All’epoca del referendum sulla semi-distruzione della Costituzione operata da Matteo Renzi, quando i padroni di Mediaset erano schierati per il Sì confindustriale, Berlusconi creò addirittura un “coso” alternativo a FI, presieduta, o meglio rappresentata, dal candidato di destra battuto nelle Comunali di Milano, un “coso” che non si è mai saputo che cosa fosse. Però ogni tanto veniva fuori, senza compromettersi tra il Sì ed il No. Ora pare che Berlusconi abbia nominato l’erede al trono di Forza Italia. Nientemeno Antonio Tajani, che però le cariche se le sa trovare. Nel frattempo alla “presidenza” di Berlusconi si è aggiunta la vicepresidenza di Tajani.
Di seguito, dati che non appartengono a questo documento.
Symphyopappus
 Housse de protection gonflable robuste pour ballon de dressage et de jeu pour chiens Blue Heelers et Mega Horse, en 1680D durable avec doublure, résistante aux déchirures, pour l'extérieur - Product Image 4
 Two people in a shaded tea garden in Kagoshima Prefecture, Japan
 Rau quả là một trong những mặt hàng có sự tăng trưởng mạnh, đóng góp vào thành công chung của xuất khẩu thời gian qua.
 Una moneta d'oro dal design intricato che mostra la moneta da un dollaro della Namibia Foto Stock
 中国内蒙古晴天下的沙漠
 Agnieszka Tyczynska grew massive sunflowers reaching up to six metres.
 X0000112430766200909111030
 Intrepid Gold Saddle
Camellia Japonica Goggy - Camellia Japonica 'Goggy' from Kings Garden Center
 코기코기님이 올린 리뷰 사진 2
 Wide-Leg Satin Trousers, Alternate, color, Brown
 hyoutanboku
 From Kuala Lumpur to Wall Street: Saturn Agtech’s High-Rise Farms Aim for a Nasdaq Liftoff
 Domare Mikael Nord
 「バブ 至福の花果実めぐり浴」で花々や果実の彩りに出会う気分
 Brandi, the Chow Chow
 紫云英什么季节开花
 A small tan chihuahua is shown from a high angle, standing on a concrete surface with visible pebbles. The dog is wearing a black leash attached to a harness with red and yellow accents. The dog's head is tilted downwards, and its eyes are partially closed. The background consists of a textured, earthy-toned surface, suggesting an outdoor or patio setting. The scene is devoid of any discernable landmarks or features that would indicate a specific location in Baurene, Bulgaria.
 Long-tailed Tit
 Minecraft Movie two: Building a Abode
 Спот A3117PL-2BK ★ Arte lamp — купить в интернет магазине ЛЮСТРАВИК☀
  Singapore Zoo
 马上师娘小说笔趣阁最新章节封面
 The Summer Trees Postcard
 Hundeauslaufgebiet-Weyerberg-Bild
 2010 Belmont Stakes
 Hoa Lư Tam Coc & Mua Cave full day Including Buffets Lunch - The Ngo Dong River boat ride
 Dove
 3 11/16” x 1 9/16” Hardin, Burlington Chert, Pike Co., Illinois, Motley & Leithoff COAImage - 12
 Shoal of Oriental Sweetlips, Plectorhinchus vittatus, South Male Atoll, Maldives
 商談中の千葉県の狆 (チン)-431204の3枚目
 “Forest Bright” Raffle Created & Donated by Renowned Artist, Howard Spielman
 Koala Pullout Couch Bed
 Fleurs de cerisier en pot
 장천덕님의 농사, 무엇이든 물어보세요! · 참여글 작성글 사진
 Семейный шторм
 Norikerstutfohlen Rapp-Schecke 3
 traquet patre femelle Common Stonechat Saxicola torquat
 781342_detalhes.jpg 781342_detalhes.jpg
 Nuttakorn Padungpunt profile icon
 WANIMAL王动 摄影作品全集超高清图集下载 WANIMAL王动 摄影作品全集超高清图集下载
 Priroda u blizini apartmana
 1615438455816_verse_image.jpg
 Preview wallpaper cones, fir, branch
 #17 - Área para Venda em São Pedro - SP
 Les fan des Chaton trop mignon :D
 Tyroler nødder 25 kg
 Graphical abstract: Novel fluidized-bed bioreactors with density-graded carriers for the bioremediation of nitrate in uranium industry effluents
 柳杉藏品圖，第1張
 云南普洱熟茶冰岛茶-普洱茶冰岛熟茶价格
Ogni quindicina di giorni si può leggere su “Il Giornale” la notizia che Berlusconi si è dedicato alacremente alla ristrutturazione di Forza Italia. In una delle ultime “ristrutturazioni” annunziò acquisti di non so quanti sacchi di distintivi e proclamò l’esigenza di portarli all’occhiello. “Tutto chiacchiere e distintivi”, mi venne da commentare.

Gli altri partitini annaspano. Ma, in genere, i leader non si toccano. Anche perché è l’unica cosa che se ne sa. Ora pare che riavremo il “Partito dei Cattolici”.  Per non sbagliare (perseverare diabolicum) i capi li nominerà la Conferenza Episcopale Italiana o forse, per ora, dato che l’“uscita” sarà tutta calabrese, i vescovi di Cosenza e di Catanzaro. Così fiorisce la democrazia nel nostro Paese. Non parliamo della “democrazia diretta” e di quella “telematica”. Che questa sia democrazia vadano a raccontarlo agli spettatori delle cavolate di Beppe Grillo.